Eddie the Eagle doesn’t follow that formula.
Eddie Edwards, played here nicely by the underrated Taron Egerton, didn’t want to be a ski jumper when he was growing up in England. He simply wanted to be an Olympian. Despite the fact that he wasn’t coordinated and his father derided him by saying “you are not an athlete,” Edwards wanted to compete in the Olympics no matter what. The feature begins by showing Edwards trying out different sports. None of them take. His closest call comes when he nearly makes it to the country’s 1988 Olympics skiing team but that plan falters as well.
After discovering the sport of ski jumping and — more importantly — the lack of English competitors in the sport, Edwards takes up the sport. In a field where some of the best competitors started training when they were six, Edwards starts jumping when he’s 22. Edwards eventually enlists the support of Bronson Perry (Hugh Jackman), a former Olympic athlete who had once been trained under the tutelage of acclaimed ski jumper Warren Sharp (Christopher Walken).
Screenwriters Sean Macaulay and Simon Kelton feature Eddie as the main character here but Perry’s background with Sharp is responsible for the more traditional sports story. Perry was a born athlete who was never able to fulfill his potential at the Olympics, much to Sharp’s disappointment. Perry is the one who would’ve been the star of a more traditional sports story but here, he’s the supporting player. His story of redemption plays out in the background as Edwards journeys to the Olympics.
Because he is not a traditional athlete, Edwards faces a unique type of criticism at the Olympics. Some viewers think he is making a mockery of the sport of ski jumping while others think he’s a sideshow clown. To his credit, director Dexter Fletcher captures the different views of Edwards.
There are traditional villains here — a coach who mocks Edwards and a fellow athlete who tricks him — but there’s also an awareness that there were some reasonable critics of Edwards, who judged him without knowing what was in his heart.

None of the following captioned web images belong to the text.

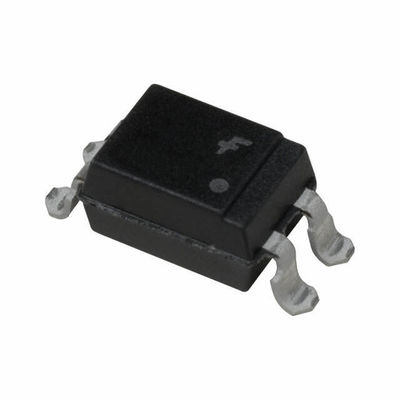 FOD852SD এনালগ আইসোলেটর IC Optoisolators ট্রানজিস্টর ফটোভোলটাইক আউটপুট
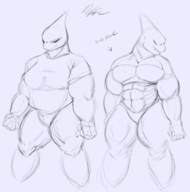 dc orca // 1750x1770 // 1.3MB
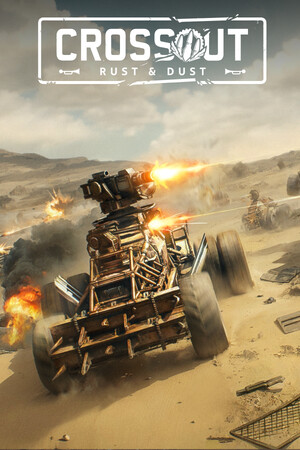 de35c2e7-9d88-c4e3-4575-0f1b182bbf6f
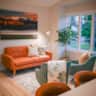 Rental image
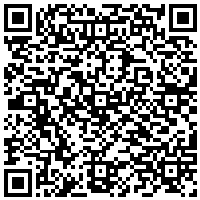 QR Code for bitcoin:bitcoin:bitcoin:bitcoin:bitcoin:bitcoin:bitcoin:bitcoin:bitcoin:bitcoin:bitcoin:dogecoin:DLK5L6emBy8fkrmN5UNmDAMm536pTiata6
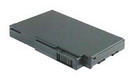 �������������� ������� ��� �������� IBM ThinkPad 240 series (BT-501)
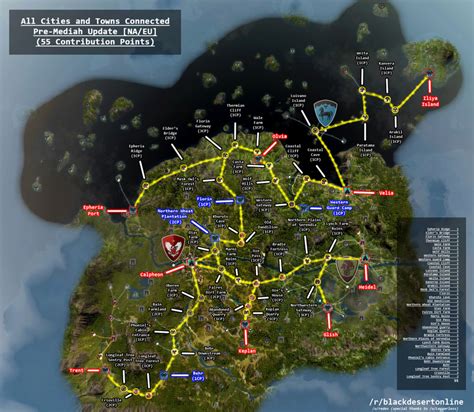 bdo map tool.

When Edwards makes a major decision in the drama’s third act, it truly shows that he really does love the sport of ski jumping. He himself knows the media backlash he’s faced and he’s prepared to prove himself to show who he really is and more importantly, who he wants to be.
Admittedly, the film does have its faults. At times, Fletcher’s direction of the jumps are a little distracting with the camera zooming in dispassionately at the faces of the athletes but overall, the sports drama works extremely well. It doesn’t have a traditional ending but Edwards’ story didn’t have a traditional beginning either.
“I was kicked off every team I was ever on before I had the chance to prove myself,” he says and Eddie the Eagle provides a kind-hearted showcase that reveals this athlete proving himself both to his fellow athletes and to the world.